The units for these weights are often unknown and as such should be interpreted as un-normalized frequencies. Basically, just use the numbers as they are, even if they contain decimals. The numbers needed are between the PO (position) line and the following XX line. Only the numbers (which represents positional base counts from an alignment) are needed, i.e. the numbers in the A/C/G/T columns.

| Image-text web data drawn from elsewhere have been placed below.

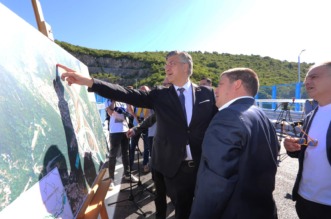 Rijeka: Premijer Plenković i ministar Butković obišli novi vijadukt na čvoru Orehovica Rijeka: Premijer Plenković i ministar Butković obišli novi vijadukt na čvoru Orehovica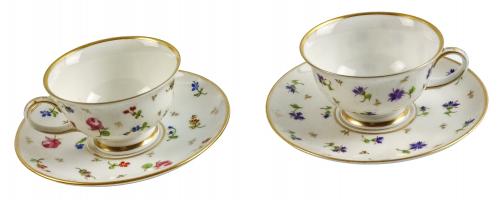 DOS TAZAS CON PLATO EN PORCELANA DE MEDIADOS DEL S.XX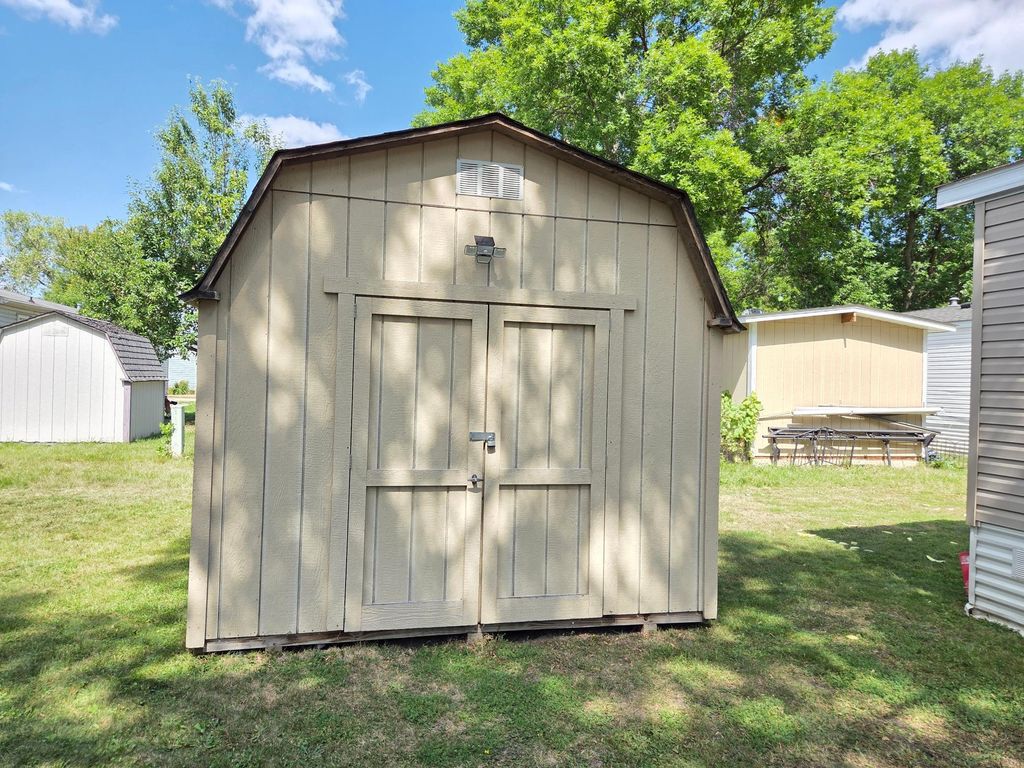 1150 Cessna Drive E, New Brighton, MN 55112 — photo 5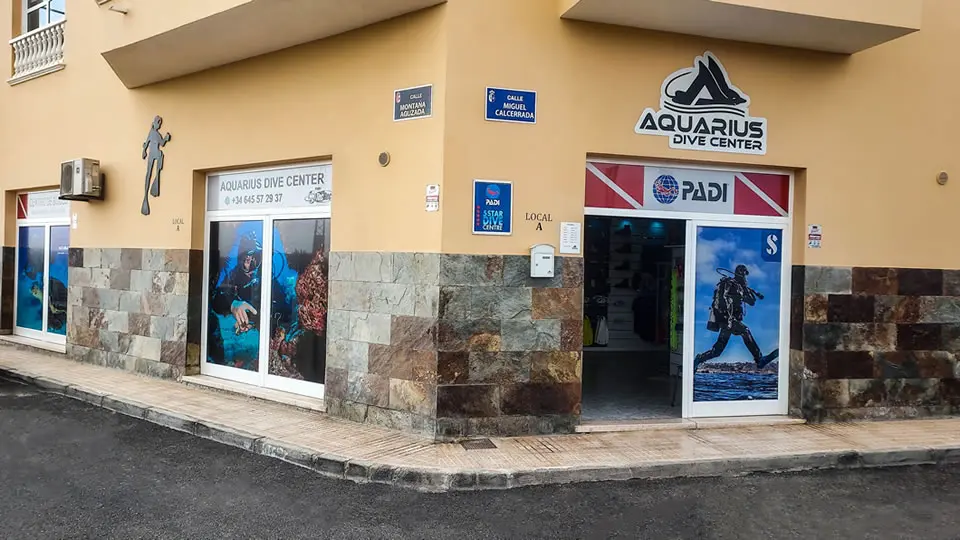 aquarius dive center tenerife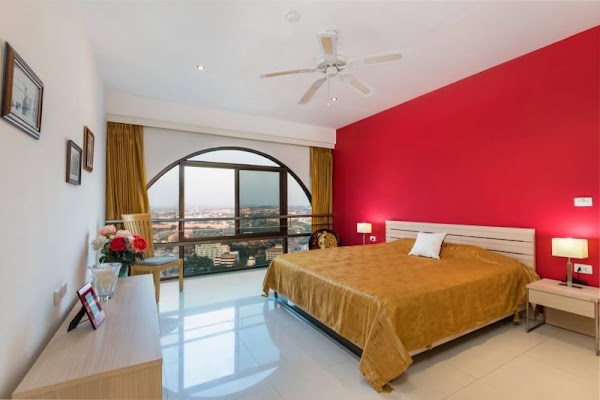 3 спальни 297 м², Jomtien Plaza Condotel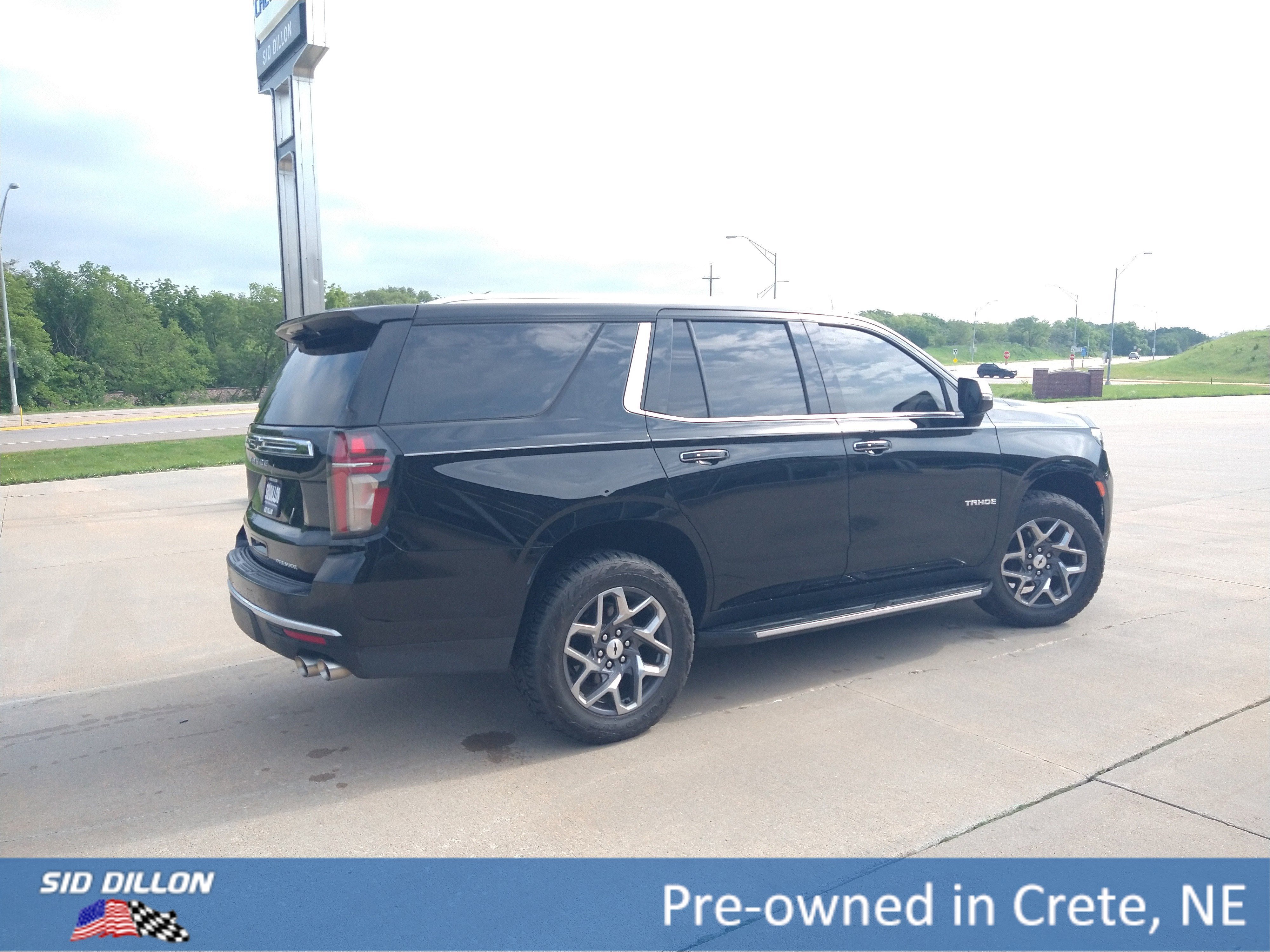 Used 2021 Black Chevrolet Premier image 12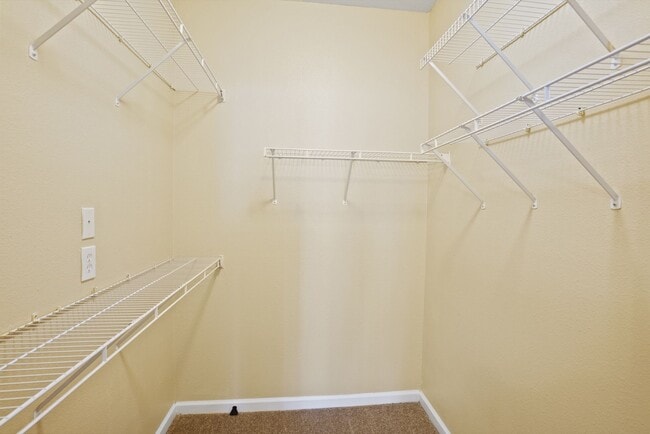 Building Photo - 2 bedroo 2-bathroom ground floor with screened patio for rent Wilmington Island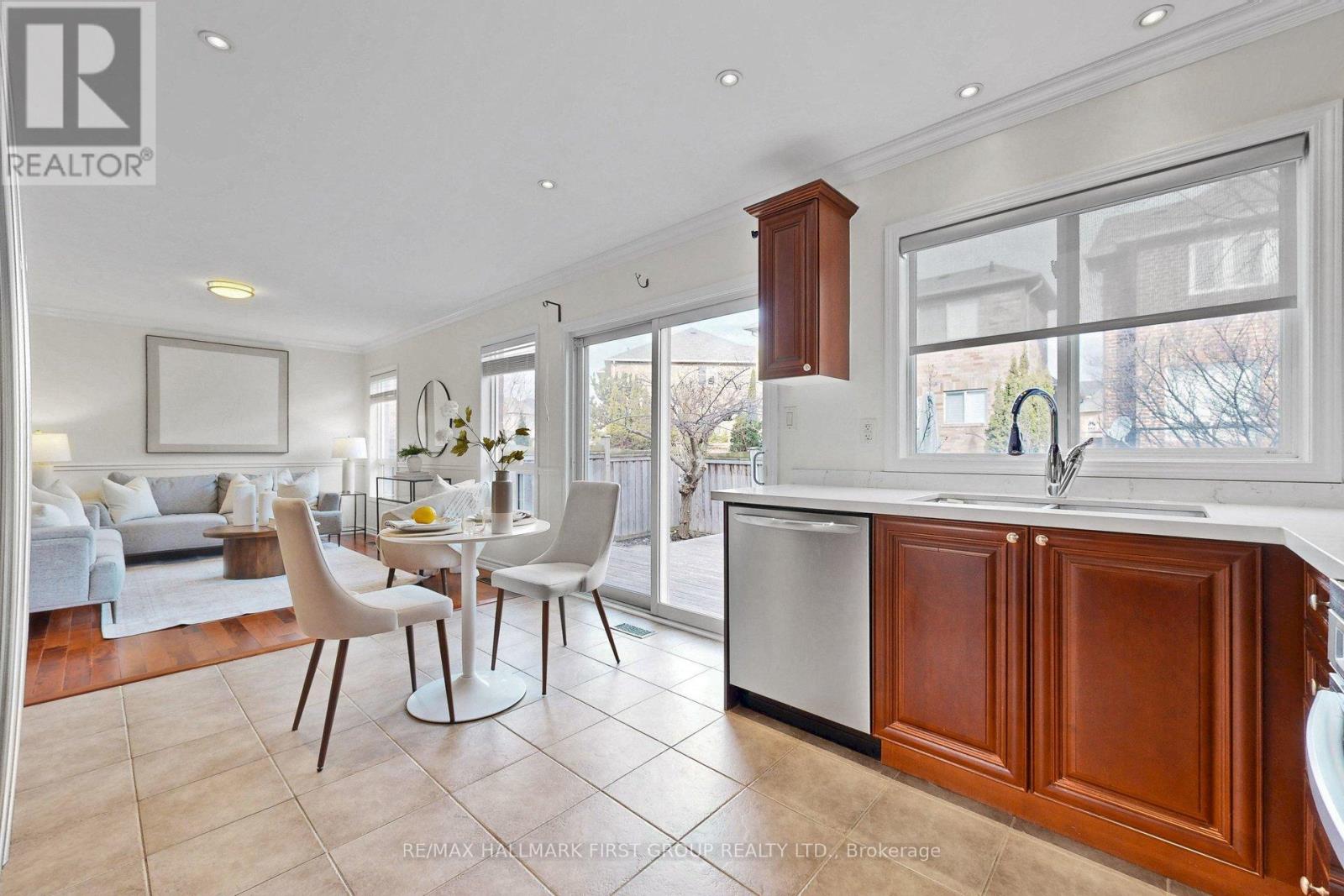 929 Bessy Trail, Milton, Ontario  L9T 0H2 - Photo 16 - W12925200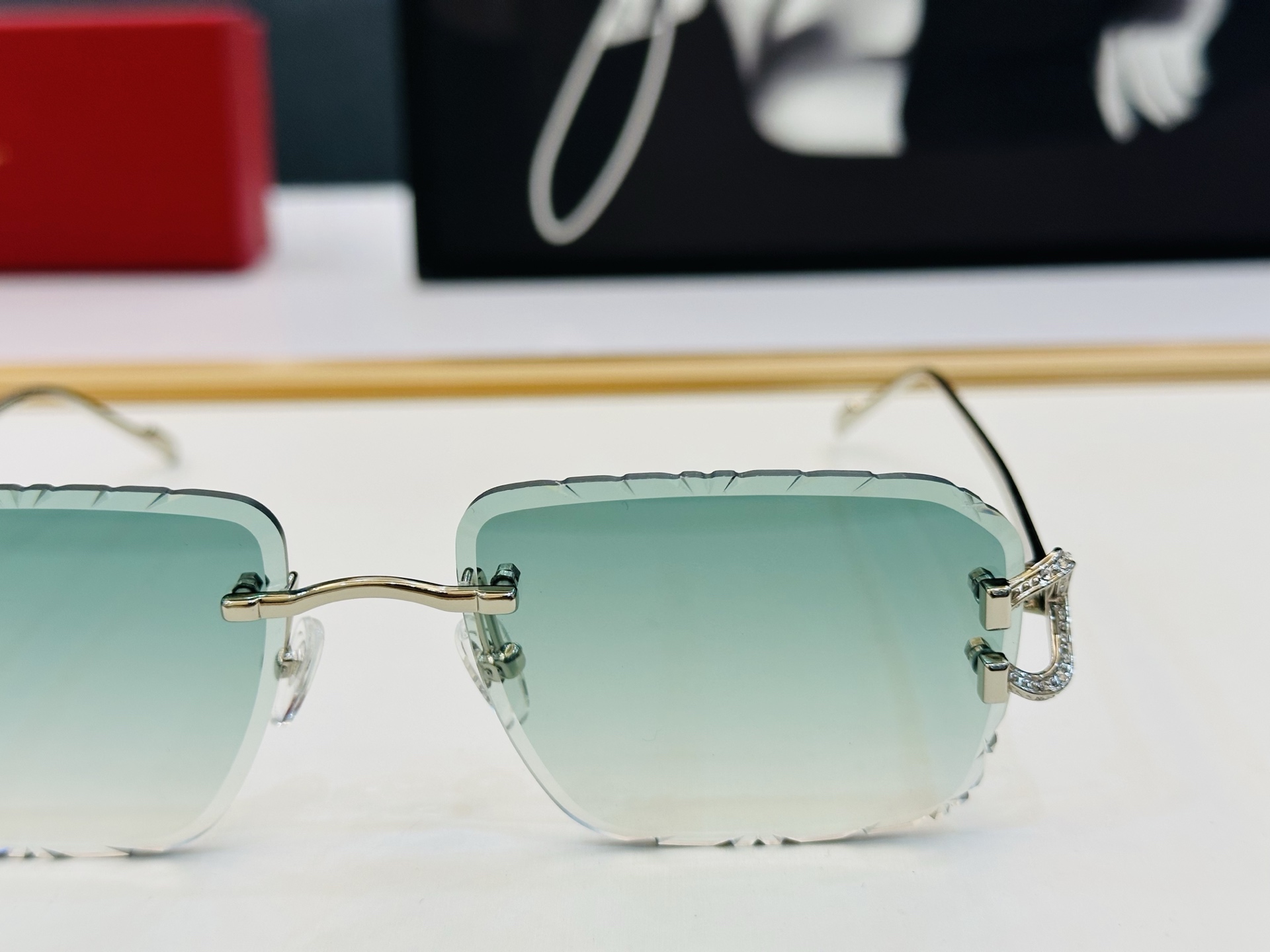 🆕 原版Cartie* 卡家 官网经典款 太阳镜 CT0576S Size：58口19-140 电镀工艺
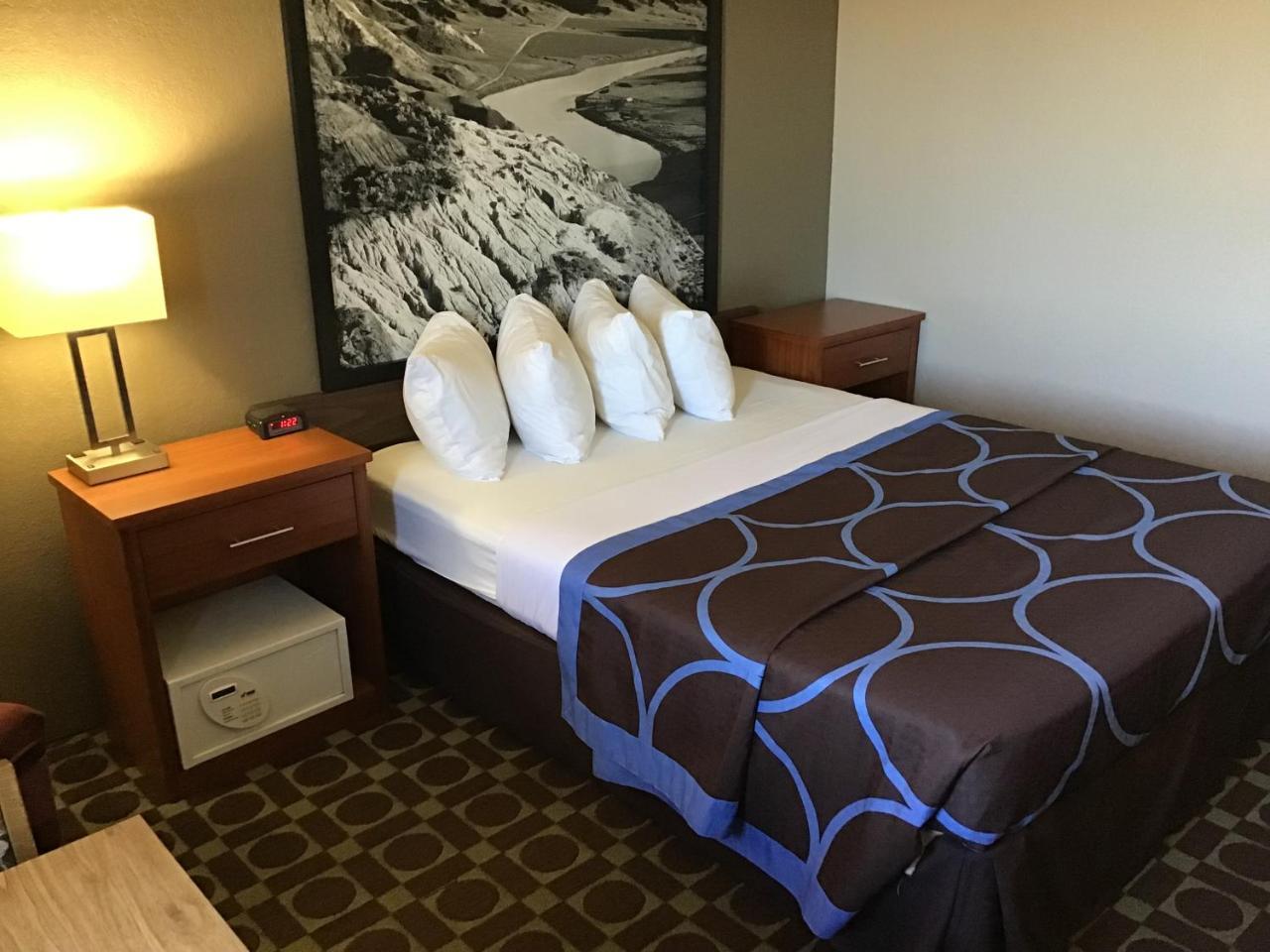 Super 8 By Wyndham Miles City Zewnętrze zdjęcie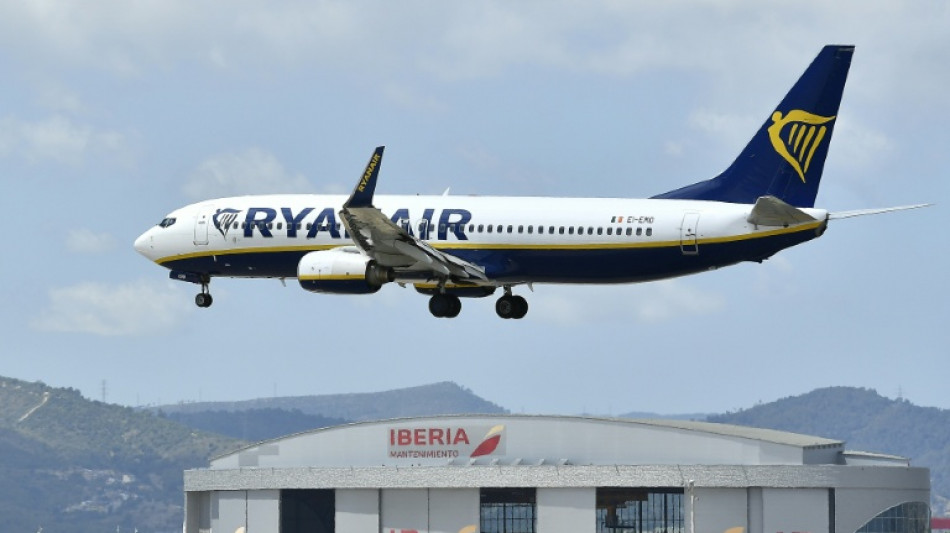 Consumidores europeos piden a Bruselas seguir de su lado ante las aerol&iacute;neas de bajo coste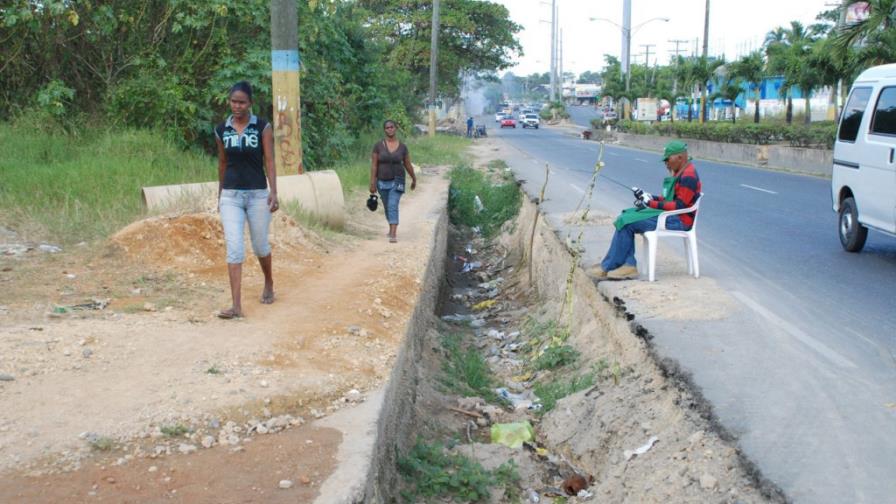 Zanja peligrosa acecha en la avenida Charles de Gaulle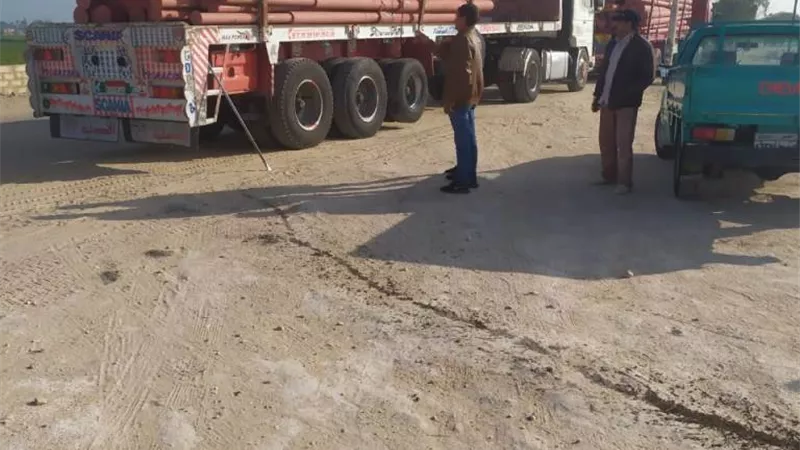 محافظ أسيوط: متابعة توريد وتركيب أعمدة الإنارة بقري أسيوط والغنايم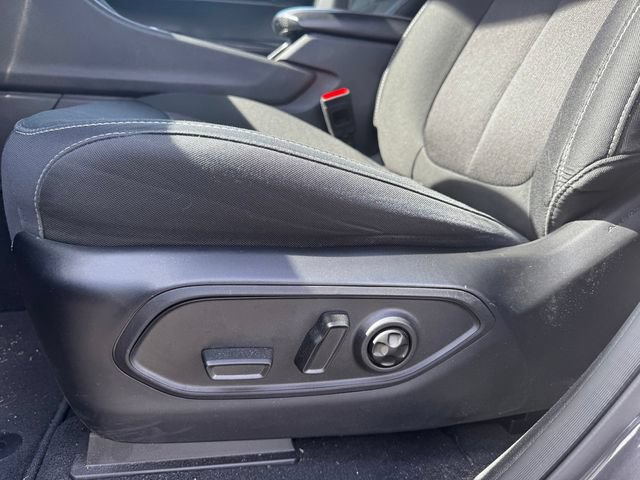 Certified 2024 Jeep Grand Cherokee Laredo w/ Luxury Tech Group I AWD/4WD image 23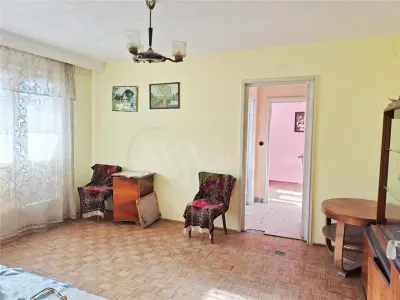Apartament 2 camere semidecomandat, zona Orizont - Bacau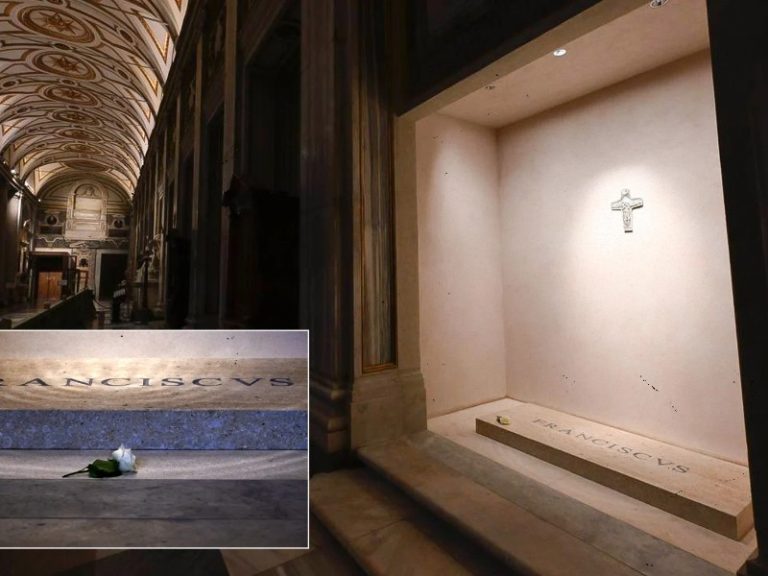 Más de 70,000 personas visitan la tumba del Papa Francisco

They can be extracted with stateful parsing.
| PO | A | C | G | T | |
|---|---|---|---|---|---|
| 01 | 6 | 11 | 2 | 7 | N |
| 02 | 13 | 4 | 5 | 4 | A |
| 03 | 5 | 5 | 8 | 8 | N |
| 04 | 12 | 1 | 2 | 11 | W |
| 05 | 2 | 0 | 23 | 1 | G |
| 06 | 0 | 0 | 26 | 0 | G |
| 07 | 26 | 0 | 0 | 0 | A |
| 08 | 25 | 0 | 1 | 0 | A |
| 09 | 25 | 1 | 0 | 0 | A |
| 10 | 15 | 5 | 2 | 4 | A |
| 11 | 9 | 6 | 2 | 9 | N |
| 12 | 5 | 6 | 6 | 9 | N |
| XX |
Converting from a positional base count matrix to a log-likelihood matrix
The first 3 rows in the extracted matrix are used for demonstration.
| A | C | G | T |
|---|---|---|---|
| 6 | 11 | 2 | 7 |
| 13 | 4 | 5 | 4 |
| 5 | 5 | 8 | 8 |
Frequencies can be interpreted as letter (nucleotide) probabilities for a particular letter at a particular position in the matrix. The letter background probabilities, i.e. probability of a letter not within the pattern, are often called prior probabilities (priors), i.e. what we would expect before we knew about the motif. The priors will depend on the organism and how the background is defined.
In E.coli, for example, the genomic nucleotide priors are almost equiprobable (p_A:0.25, p_C:0.25, p_G:0.25, p_T:0.25) but in yeast they are closer to p_A:0.31, p_C:0.19, p_G:0.19, p_T:0.31 (note that p_A==p_T and p_C==p_G).
Notice that if you know the prior for one base (A), then you can calculate the rest due to the p_A==p_T, p_C==p_G and p_A + p_T + p_C + p_G = 1 properties.
As can be seen there is a risk of a number (count) being 0, which will introduce some unpleasant infinities in further calculations. Hence, we will introduce pseudo-counts to the matrix. For each position (every row and column) in the matrix a pseudo-count of (1 * the prior) will be added. Using the priors for yeast in this example the first 3 rows will be:
| A | C | G | T |
|---|---|---|---|
| 6.31 | 11.19 | 2.19 | 7.31 |
| 13.31 | 4.19 | 5.19 | 4.31 |
| 5.31 | 5.19 | 8.19 | 8.31 |
Now the numbers must be converted from counts to probabilities. Each number is divided by the sum of it's row; 6.31/(6.31+11.19+2.19+7.31) = 0.2337
| A | C | G | T |
|---|---|---|---|
| 0.2337 | 0.4144 | 0.0811 | 0.2707 |
| 0.4930 | 0.1552 | 0.1922 | 0.1596 |
| 0.1967 | 0.1922 | 0.3033 | 0.3078 |
The probability matrix can then be converted to a log-likelihood matrix by dividing with the appropriate prior and then use the log2. log2(0.2337/0.31) = log(0.2337/0.31)/log(2) = -0.4076
| A | C | G | T |
|---|---|---|---|
| -0.4076 | 1.1250 | -1.2282 | -0.1956 |
| 0.6693 | -0.2919 | 0.0166 | -0.9578 |
| -0.6563 | 0.0166 | 0.6747 | -0.0103 |
Using the log-likelihood matrix on a sequence
Given a sequence TGATAGT and above matrix, compute the score for each position of the sequence and report those above the given threshold. As an example, just using the first 3 positions (TGA) the score is found by addition: -0.1956 + 0.0166 + -0.6563 = −0.8353, and for the next (GAT) it is -1.2282 + 0.6693 + -0.0103 = −0.5692.
Just to be clear: The length (height) of the matrix determines the minimum length of sequence you can use for scoring.
When the score is 0 it is equally likely that the site is a real motif as it is a random occurrence.